Yves Aumont salue Guillemette Andreu dans Ouest-France (17.03.09) Avec une photo récente !

Magazine Ouest France – mardi 17 mars 2009 – Le premier roman de la vieille dame (Photo Henry Lanoë)

Guillemette.JPGÀ 95 ans, Guillemette Andreu vient de publier Tableau d’honneur, le récit d’une enfance démunie, à Nantes au lendemain de la Grande Guerre. Un premier et unique roman.

Sur la carte adressée à Antoinette Fouque, la militante et fondatrice des Éditions des femmes, elle a écrit d’une main un peu hésitante : « Madame, il n’y a pas de merci pour parler de ce que je vous dois, des larmes de mes enfants et des battements de mon coeur. Je vous dois un moment de rare bonheur et je vous baise les mains. »

Elle a joint une photo d’enfance. Une petite fille en blanc. Le chapeau d’été fait un bandeau d’ombre sur les yeux. Dans les interstices du parapet, on distingue l’océan au second plan. Le regard de l’enfant s’échappe et semble fixer une présence indéfinie.
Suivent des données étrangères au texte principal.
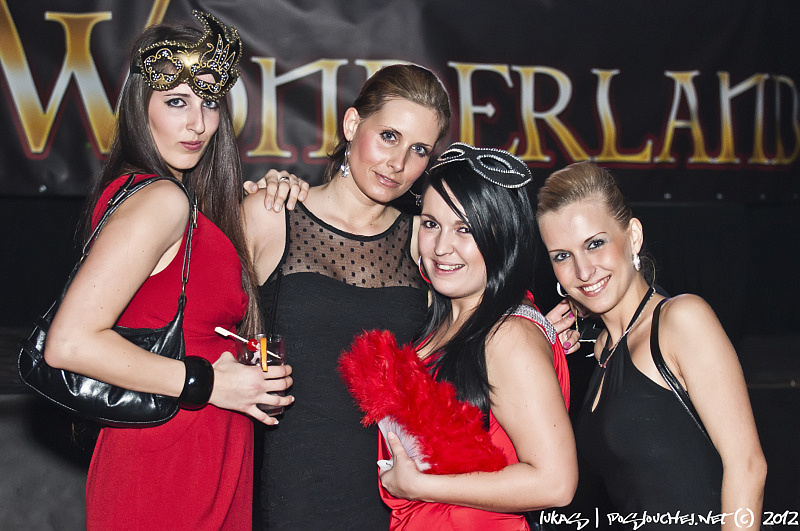 WONDERLAND CARNIVAL - Pátek 16. 3. 2012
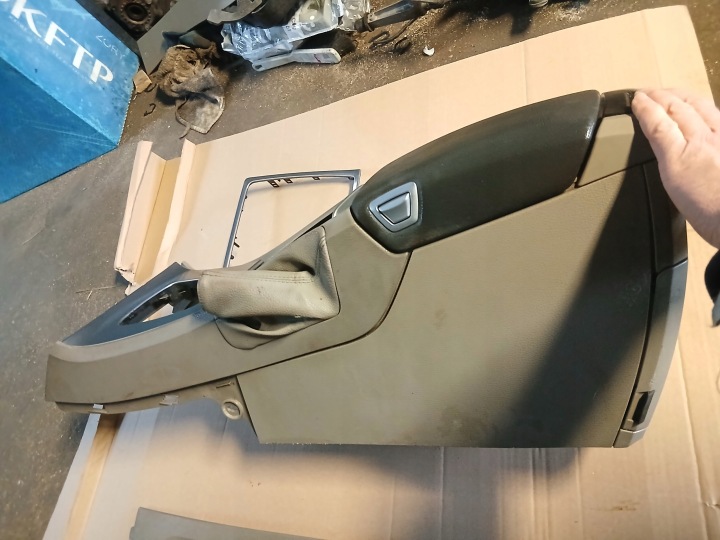 фото №10, Volvo s60 i v70 ii i рестайлинг 04- подлокотник туннель рамки обшивки подстаканник eur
C’est un été radieux comme celui qu’elle raconte dans le livre : « Et Lise connut la mer, la plage arrondie au creux de la falaise d’ocre, les rochers éclatés sous on ne savait quel tremblement et retombés au hasard, dans tous les sens, toutes les formes, toutes les tailles, le sable si fin qui coule dans les doigts, le sable mouillé où l’on écrit son nom, la mer endormie au loin qui se découvre dans son sommeil… »

La petite fille de la photo est désormais une vieille dame qui « attend la mort sans tristesse et sans nostalgie ».Elle habite au coeur de Paris, un petit appartement chargé de souvenirs. Des tableaux, des livres et les vers de Max Jacob qu’elle récite à voix haute : « Il se peut qu’un rêve étrange/Vous ait occupée ce soir/Vous avez cru voir un ange/Et c’était votre miroir.» Guillemette Andreu aime les poètes, la littérature, le prix Goncourt Jean Rouaud : « J’ai une faiblesse pour lui. La proximité du terroir sans doute. Dans ses pages, je suis là… » Il lui a fait l’honneur de préfacer son livre.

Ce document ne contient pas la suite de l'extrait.